From: Zi Yan <ziy@nvidia.com>
To: Jason Gunthorpe <jgg@ziepe.ca>
Cc: "Matthew Wilcox" <willy@infradead.org>,
"Balbir Singh" <balbirs@nvidia.com>,
"Francois Dugast" <francois.dugast@intel.com>,
intel-xe@lists.freedesktop.org, dri-devel@lists.freedesktop.org,
"Matthew Brost" <matthew.brost@intel.com>,
"Madhavan Srinivasan" <maddy@linux.ibm.com>,
"Nicholas Piggin" <npiggin@gmail.com>,
"Michael Ellerman" <mpe@ellerman.id.au>,
"Christophe Leroy (CS GROUP)" <chleroy@kernel.org>,
"Felix Kuehling" <Felix.Kuehling@amd.com>,
"Alex Deucher" <alexander.deucher@amd.com>,
"Christian König" <christian.koenig@amd.com>,
"David Airlie" <airlied@gmail.com>,
"Simona Vetter" <simona@ffwll.ch>,
"Maarten Lankhorst" <maarten.lankhorst@linux.intel.com>,
"Maxime Ripard" <mripard@kernel.org>,
"Thomas Zimmermann" <tzimmermann@suse.de>,
"Lyude Paul" <lyude@redhat.com>,
"Danilo Krummrich" <dakr@kernel.org>,
"Bjorn Helgaas" <bhelgaas@google.com>,
"Logan Gunthorpe" <logang@deltatee.com>,
"David Hildenbrand" <david@kernel.org>,
"Oscar Salvador" <osalvador@suse.de>,
"Andrew Morton" <akpm@linux-foundation.org>,
"Leon Romanovsky" <leon@kernel.org>,
"Lorenzo Stoakes" <lorenzo.stoakes@oracle.com>,
"Liam R . Howlett" <Liam.Howlett@oracle.com>,
"Vlastimil Babka" <vbabka@suse.cz>,
"Mike Rapoport" <rppt@kernel.org>,
"Suren Baghdasaryan" <surenb@google.com>,
"Michal Hocko" <mhocko@suse.com>,
"Alistair Popple" <apopple@nvidia.com>,
linuxppc-dev@lists.ozlabs.org, kvm@vger.kernel.org,
linux-kernel@vger.kernel.org, amd-gfx@lists.freedesktop.org,
nouveau@lists.freedesktop.org, linux-pci@vger.kernel.org,
linux-mm@kvack.org, linux-cxl@vger.kernel.org
Subject: Re: [PATCH v4 1/7] mm/zone_device: Add order argument to folio_free callback
Date: Mon, 12 Jan 2026 13:55:18 -0500 [thread overview]
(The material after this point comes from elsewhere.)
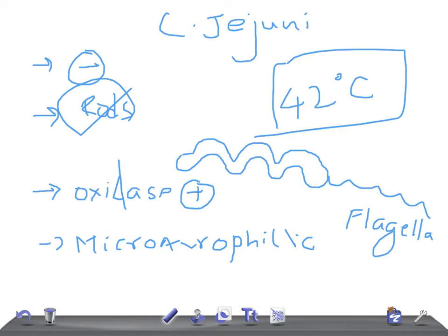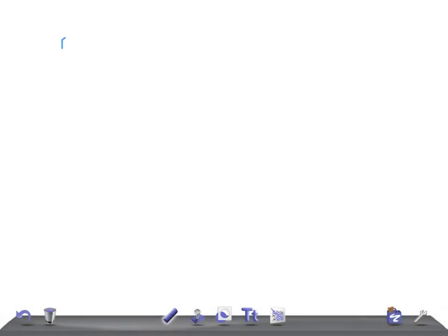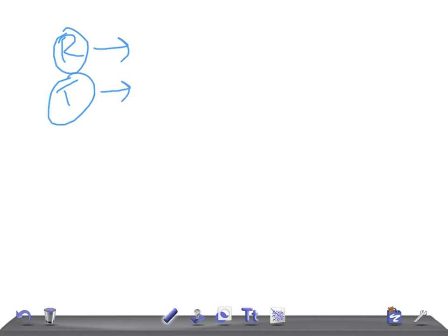Great guys, so let's talk about the reservoir. Who is the reservoir for this? It's the intestinal tract of humans and other organisms. So remember the poultry, sheep, dogs, cats, and cattle.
Message-ID: <6AFCEB51-8EE1-4AC9-8F39-FCA561BE8CB5@nvidia.com> (raw)
In-Reply-To: <20260112182500.GI745888@ziepe.ca>
On 12 Jan 2026, at 13:25, Jason Gunthorpe wrote:
> On Mon, Jan 12, 2026 at 12:46:57PM -0500, Zi Yan wrote:
>> On 12 Jan 2026, at 11:50, Jason Gunthorpe wrote:
>>
>>> On Mon, Jan 12, 2026 at 11:31:04AM -0500, Zi Yan wrote:
>>>>> folio_free()
>>>>>
>>>>> 1) Allocator finds free memory
>>>>> 2) zone_device_page_init() allocates the memory and makes refcount=1
>>>>> 3) __folio_put() knows the recount 0.
>>>>> 4) free_zone_device_folio() calls folio_free(), but it doesn't
>>>>> actually need to undo prep_compound_page() because *NOTHING* can
>>>>> use the page pointer at this point.
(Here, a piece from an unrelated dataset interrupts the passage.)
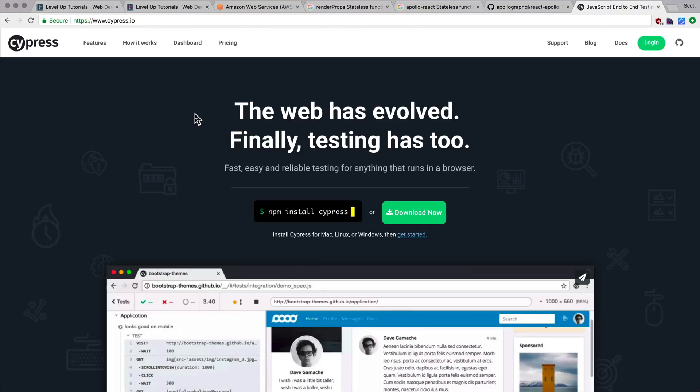Okay, so I'm going to continue our What is Wednesday testing series by doing a new video on what is E2E or end-to-end testing. So what is end-to-end testing?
>>>>> 5) Driver puts the memory back into the allocator and now #1 can
>>>>> happen. It knows how much memory to put back because folio->order
>>>>> is valid from #2
>>>>> 6) #1 happens again, then #2 happens again and the folio is in the
>>>>> right state for use. The successor #2 fully undoes the work of the
>>>>> predecessor #2.
>>>>
>>>> But how can a successor #2 undo the work if the second #1 only allocates
>>>> half of the original folio? For example, an order-9 at PFN 0 is
>>>> allocated and freed, then an order-8 at PFN 0 is allocated and another
>>>> order-8 at PFN 256 is allocated. How can two #2s undo the same order-9
>>>> without corrupting each other’s data?
>>>
>>> What do you mean? The fundamental rule is you can't read the folio or
>>> the order outside folio_free once it's refcount reaches 0.
>>
>> There is no such a rule. In core MM, folio_split(), which splits a high
>> order folio to low order ones, freezes the folio (turning refcount to 0)
>> and manipulates the folio order and all tail pages compound_head to
>> restructure the folio.
>
> That's different, I am talking about reaching 0 because it has been
> freed, meaning there are no external pointers to it.
>
> Further, when a page is frozen page_ref_freeze() takes in the number
> of references the caller has ownership over and it doesn't succeed if
> there are stray references elsewhere.
>
> This is very important because the entire operating model of split
> only works if it has exclusive locks over all the valid pointers into
> that page.
>
> Spurious refcount failures concurrent with split cannot be allowed.
>
> I don't see how pointing at __folio_freeze_and_split_unmapped() can
> justify this series.
>
But from anyone looking at the folio state, refcount == 0, compound_head
is set, they cannot tell the difference.
If what you said is true, why is free_pages_prepare() needed? No one
should touch these free pages. Why bother resetting these states.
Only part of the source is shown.